Consider equation \[x-a=0\] Dividing both sides of this equation by \(x-a\), we get \[\frac{x-a}{x-a} = \frac{0}{x-a}.\] But \(\frac{x-a}{x-a}=1\) and \(\frac{0}{x-a}=0\). Therefore, we get \[1=0.\]

Let \(n\) be some positive number. It is obvious that \[2n-1<2n.\] Take another positive number \(a\), and multiply both sides of the inequality by \((-a)\) \[-2na +a< -2na.\] Now, subtracting \((-2na)\) from both sides of the inequality we get \(a<0\).

Thus, ALL POSITIVE NUMBERS ARE NEGATIVE!

Suppose \(a \neq b\). We can write \[-a = b - (a+b)\] and \[-b = a - (a+b)\] Since \((-a)b = a(-b)\), then \[( b - (a+b))b = a(a - (a+b))\] Removing the brackets, we have \[b^2 - (a+b)b = a^2 - a(a+b)\] Adding \(\left(\frac{a+b}{2}\right)^2\) to each member of the equality we may complete the square of the differences of two numbers \[\left(b - \frac{a+b}{2}\right)^2 = \left(a - \frac{a+b}{2}\right)^2\] From the equality of the squares we conclude the equality of the bases \[b - \frac{a+b}{2} = a - \frac{a+b}{2}.\] Adding \(\frac{a+b}{2}\) to both sides of equality we get \(a=b\). Therefore, WE HAVE SHOWED THAT FROM \(a\neq b\) IT FOLLOWS \(a=b\).

Let \(x\) be equal to 1. Then we can write \(x^2=1\), or putting it differently \(x^2 -1 =0\). By using the difference of two squares formula we get \[(x+1)(x-1)=0\] Dividing both sides of the equality by \(x-1\) we obtain \[x+1=0,\] in other words \(x=-1\). But earlier we assumed \(x=1\). THUS \[-1=1\ !\]

In every right-angled triangle the arm is greater than the hypotenuse. Consider a triangle \(ABC\) with right angle at \(C\).

The difference of the squares of the hypothenuse and one of the arms is \(AB^2 -BC^2\). This expression can be represented in the form of a product \[AB^2 -BC^2 = (AB - BC)(AB+BC)\] or \[AB^2 -BC^2 = -(BC - AB)(AB+BC)\] Dividing the right hand sides by the product \(-(AB-BC)(AB+BC)\), we obtain the proportion \[\frac{AB+BC}{-(AB+BC)} = \frac{BC-AB}{AB-BC}.\] Since the positive quantity is greater than the negative one we have \(AB+BC>-(AB+BC)\). But then also \(BC-AB>AB-BC\), and therefore \(2BC>2AB\), or \(BC>AB\), i.e. THE ARM IS GREATER THAN THE HYPOTENUSE!

Having had experience with some faulty proofs above, can you now answer the following questions

(a) From the equality \((a-b)^2=(m-n)^2\) may one draw the conclusion that \(a-b=m-n\)?

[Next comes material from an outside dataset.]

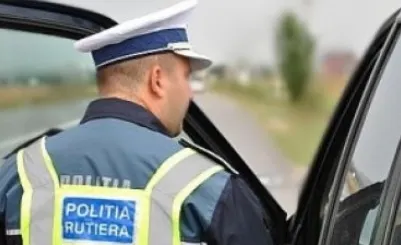 Şofer teribilist, prins cu 220 km/h pe A2. Poliţiştii, puşi în faţa unei mari dileme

(b) For what value of \(x\) do the following expressions lose their meaning?

(1) \(\frac{x^3-1}{x-1}\), (2) \(\frac{1}{x^2-1}\), (3) \(\frac{x+1}{1-2^x}\).

(c) If \(a>b\), can one conclude that \(ac>bc\) for any number \(c\)?

We prove by mathematical induction that all horses in the world are of the same colour.

Base case: There is a single horse. It has some coat colour. Because there are no other horses, all the horses have the same coat colour.

Induction step: We have \(n\) horses. We assume all of them have the same coat colour. Now we add an additional \((n+1)\)st horse. We don’t know what colour it has, but if we for now get rid of one horse from the group we had before, we suddenly have a group of \(n\) horses which includes the new one. Since we have our claim proven for \(n\), all of these horses have the same coat colour and therefore the new horse has the same coat colour as all the other ones. So every group of \(n+1\) horses has the same colour.

The third step: due to mathematical induction rule, all the horses in the world have the same coat colour. THUS WE HAVE PROVED THAT ALL HORSES IN THE WORLD ARE OF THE SAME COLOUR!

There are six natural numbers, all different, which sum up to 22. Can you find those numbers? Are they unique, or is there another bunch of such numbers?

In how many ways can you rearrange the numbers 1, 2, ..., 100 so the neighbouring numbers differ by not more than 1?